Economic profit is, however, much more prevalent in uncompetitive markets such as in a perfect monopoly or oligopoly situation. In these scenarios, individual firms have some element of market power: Though monopolists are constrained by consumer demand, they are not price takers, but instead either price-setters or quantity setters. This allows the firm to set a price that is higher than that which would be found in a similar but more competitive industry, allowing them economic profit in both the long and short run.

The existence of economic profits in the long run depends on the prevalence of barriers to entry: these stop other firms from entering into the industry and sapping away profits, as they would in a more competitive market.
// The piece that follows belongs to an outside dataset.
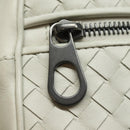 BOTTEGA VENETA INTRECCIATO Body Bag Leather White Auth mr354-17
In cases where barriers are present, but more than one firm, firms can collude to limit production, thereby restricting supply in order to ensure that the price of the product remains high enough for all firms in the industry to achieve an economic profit.

However, some economists, for instance Steve Keen, a professor at the University of Western Sydney, argue that even an infinitesimal amount of market power can allow a firm to produce a profit and that the absence of economic profit in an industry, or even merely that some production occurs at a loss, in and of itself constitutes a barrier to entry.

In a single-goods case, a positive economic profit happens when the firm's average cost is less than the price of the product or service at the profit-maximizing output. The economic profit is equal to the quantity of output multiplied by the difference between the average cost and the price.

=== Government intervention ===
Often, governments will try to intervene in uncompetitive markets to make them more competitive. Antitrust (US) or competition (elsewhere) laws were created to prevent powerful firms from using their economic power to artificially create the barriers to entry they need to protect their economic profits. This includes the use of predatory pricing toward smaller competitors. For example, in the United States, Microsoft Corporation was initially convicted of breaking Anti-Trust Law and engaging in anti-competitive behavior in order to form one such barrier in United States v. Microsoft; after a successful appeal on technical grounds, Microsoft agreed to a settlement with the Department of Justice in which they were faced with stringent oversight procedures and explicit requirements designed to prevent this predatory behaviour. With lower barriers, new firms can enter the market again, making the long run equilibrium more like that of a competitive industry, with no economic profit for firms.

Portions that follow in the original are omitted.